| Directions for this task |
All lines with the word "wearing" must be pulled from the entries below.

| Data to process |
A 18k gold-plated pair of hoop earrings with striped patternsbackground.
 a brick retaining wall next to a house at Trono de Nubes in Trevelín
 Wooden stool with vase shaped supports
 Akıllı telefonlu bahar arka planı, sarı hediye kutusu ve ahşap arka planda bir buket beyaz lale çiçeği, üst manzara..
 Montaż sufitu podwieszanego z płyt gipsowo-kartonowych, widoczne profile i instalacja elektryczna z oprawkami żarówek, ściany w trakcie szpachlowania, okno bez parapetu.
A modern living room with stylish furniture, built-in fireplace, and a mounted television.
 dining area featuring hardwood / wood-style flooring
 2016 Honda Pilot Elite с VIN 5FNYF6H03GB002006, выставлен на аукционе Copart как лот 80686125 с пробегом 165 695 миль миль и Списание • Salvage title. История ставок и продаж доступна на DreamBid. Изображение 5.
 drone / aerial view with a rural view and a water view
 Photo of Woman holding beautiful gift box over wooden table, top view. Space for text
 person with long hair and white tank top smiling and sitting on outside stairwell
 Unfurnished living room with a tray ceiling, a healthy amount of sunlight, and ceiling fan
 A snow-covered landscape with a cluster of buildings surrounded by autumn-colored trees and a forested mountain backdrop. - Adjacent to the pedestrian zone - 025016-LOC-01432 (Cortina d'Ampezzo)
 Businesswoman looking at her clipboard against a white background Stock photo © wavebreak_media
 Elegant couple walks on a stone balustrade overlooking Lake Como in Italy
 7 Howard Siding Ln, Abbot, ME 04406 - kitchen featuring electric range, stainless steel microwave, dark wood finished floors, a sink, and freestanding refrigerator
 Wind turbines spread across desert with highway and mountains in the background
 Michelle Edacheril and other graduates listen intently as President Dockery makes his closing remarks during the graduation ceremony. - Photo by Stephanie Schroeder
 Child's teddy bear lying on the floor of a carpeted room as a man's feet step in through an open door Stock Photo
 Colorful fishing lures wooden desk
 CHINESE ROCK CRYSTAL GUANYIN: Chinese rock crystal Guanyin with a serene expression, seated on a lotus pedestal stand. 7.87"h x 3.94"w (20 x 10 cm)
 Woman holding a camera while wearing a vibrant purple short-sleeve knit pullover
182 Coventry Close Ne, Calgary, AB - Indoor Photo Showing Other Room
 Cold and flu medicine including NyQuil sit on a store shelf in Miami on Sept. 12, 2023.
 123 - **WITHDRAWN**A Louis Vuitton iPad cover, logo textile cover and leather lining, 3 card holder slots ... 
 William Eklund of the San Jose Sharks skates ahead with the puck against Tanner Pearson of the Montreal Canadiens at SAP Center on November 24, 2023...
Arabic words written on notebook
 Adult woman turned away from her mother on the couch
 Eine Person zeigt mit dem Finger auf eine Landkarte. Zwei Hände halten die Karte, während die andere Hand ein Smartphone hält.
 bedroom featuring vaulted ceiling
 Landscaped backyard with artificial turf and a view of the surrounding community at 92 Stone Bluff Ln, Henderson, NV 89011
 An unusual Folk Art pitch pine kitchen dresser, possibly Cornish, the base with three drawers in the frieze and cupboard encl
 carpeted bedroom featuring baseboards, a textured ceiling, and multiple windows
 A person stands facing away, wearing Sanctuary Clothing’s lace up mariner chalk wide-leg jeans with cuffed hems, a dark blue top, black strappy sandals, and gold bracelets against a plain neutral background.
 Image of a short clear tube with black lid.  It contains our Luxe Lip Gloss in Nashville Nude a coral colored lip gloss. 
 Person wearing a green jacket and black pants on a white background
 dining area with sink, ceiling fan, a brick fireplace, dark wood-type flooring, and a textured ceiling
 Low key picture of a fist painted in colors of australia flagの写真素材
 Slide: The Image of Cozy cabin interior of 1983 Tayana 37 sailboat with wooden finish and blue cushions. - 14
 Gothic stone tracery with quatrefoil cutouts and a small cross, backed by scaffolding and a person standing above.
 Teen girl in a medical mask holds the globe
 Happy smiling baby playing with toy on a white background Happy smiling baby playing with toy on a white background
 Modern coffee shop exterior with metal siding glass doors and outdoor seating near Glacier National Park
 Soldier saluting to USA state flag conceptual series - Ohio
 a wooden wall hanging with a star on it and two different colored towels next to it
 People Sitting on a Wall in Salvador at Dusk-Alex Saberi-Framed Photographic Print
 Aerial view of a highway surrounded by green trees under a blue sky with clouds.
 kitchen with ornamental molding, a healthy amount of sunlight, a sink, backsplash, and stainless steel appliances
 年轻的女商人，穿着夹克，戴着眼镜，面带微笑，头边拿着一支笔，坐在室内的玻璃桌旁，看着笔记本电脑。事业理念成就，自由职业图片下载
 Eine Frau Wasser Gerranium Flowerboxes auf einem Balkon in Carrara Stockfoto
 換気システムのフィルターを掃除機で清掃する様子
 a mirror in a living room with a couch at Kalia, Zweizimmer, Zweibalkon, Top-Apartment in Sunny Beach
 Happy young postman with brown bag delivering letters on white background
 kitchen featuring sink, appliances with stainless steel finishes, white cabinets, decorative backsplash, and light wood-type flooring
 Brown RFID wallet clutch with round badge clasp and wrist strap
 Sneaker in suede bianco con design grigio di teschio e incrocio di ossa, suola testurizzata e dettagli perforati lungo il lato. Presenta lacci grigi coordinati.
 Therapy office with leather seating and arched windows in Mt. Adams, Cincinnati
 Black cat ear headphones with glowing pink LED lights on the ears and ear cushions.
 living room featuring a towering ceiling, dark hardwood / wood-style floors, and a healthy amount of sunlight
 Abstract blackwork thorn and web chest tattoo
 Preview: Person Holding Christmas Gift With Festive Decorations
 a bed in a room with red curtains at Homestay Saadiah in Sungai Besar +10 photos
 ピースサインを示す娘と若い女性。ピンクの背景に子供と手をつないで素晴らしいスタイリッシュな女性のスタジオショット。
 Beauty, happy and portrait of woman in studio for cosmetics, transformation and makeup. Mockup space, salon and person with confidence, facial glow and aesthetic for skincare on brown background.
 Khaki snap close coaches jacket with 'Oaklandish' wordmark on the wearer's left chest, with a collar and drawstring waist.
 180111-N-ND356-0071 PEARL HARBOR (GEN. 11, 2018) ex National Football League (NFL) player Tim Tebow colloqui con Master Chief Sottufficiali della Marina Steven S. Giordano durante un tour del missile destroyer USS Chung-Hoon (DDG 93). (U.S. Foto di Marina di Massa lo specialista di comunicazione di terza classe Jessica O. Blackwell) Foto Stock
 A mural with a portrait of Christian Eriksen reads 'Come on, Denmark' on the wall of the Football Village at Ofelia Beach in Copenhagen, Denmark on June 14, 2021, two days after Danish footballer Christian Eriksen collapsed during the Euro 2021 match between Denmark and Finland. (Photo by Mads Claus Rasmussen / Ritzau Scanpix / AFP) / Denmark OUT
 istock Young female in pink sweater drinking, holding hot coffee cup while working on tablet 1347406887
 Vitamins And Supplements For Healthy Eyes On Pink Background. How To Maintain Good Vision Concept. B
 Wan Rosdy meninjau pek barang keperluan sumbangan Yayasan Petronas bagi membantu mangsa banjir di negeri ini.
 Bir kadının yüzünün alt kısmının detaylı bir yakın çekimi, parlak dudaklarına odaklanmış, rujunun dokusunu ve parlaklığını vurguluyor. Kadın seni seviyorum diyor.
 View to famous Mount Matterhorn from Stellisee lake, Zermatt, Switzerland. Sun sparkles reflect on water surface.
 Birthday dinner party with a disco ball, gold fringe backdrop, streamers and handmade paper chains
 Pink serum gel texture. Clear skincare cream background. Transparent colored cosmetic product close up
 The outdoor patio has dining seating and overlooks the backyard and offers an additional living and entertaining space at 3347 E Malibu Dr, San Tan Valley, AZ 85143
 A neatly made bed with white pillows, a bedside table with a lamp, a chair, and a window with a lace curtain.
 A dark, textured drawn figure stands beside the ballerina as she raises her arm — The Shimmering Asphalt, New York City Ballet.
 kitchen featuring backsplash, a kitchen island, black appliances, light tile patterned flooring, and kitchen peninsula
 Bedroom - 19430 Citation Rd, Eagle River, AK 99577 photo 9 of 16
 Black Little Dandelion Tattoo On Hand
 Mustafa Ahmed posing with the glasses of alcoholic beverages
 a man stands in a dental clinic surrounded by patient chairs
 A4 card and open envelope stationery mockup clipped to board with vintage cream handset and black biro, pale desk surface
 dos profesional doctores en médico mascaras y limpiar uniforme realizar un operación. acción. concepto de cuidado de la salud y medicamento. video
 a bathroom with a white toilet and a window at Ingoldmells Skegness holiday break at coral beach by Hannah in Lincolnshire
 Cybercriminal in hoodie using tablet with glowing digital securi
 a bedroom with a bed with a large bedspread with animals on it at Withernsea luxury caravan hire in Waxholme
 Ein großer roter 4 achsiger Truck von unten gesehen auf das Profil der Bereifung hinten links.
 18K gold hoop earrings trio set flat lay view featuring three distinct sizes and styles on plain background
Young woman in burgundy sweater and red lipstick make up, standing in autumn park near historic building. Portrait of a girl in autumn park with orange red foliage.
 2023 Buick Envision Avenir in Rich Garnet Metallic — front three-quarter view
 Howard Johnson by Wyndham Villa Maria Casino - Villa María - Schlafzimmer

| Solution to the problem |
 Woman holding a camera while wearing a vibrant purple short-sleeve knit pullover
 A person stands facing away, wearing Sanctuary Clothing’s lace up mariner chalk wide-leg jeans with cuffed hems, a dark blue top, black strappy sandals, and gold bracelets against a plain neutral background.
 Person wearing a green jacket and black pants on a white background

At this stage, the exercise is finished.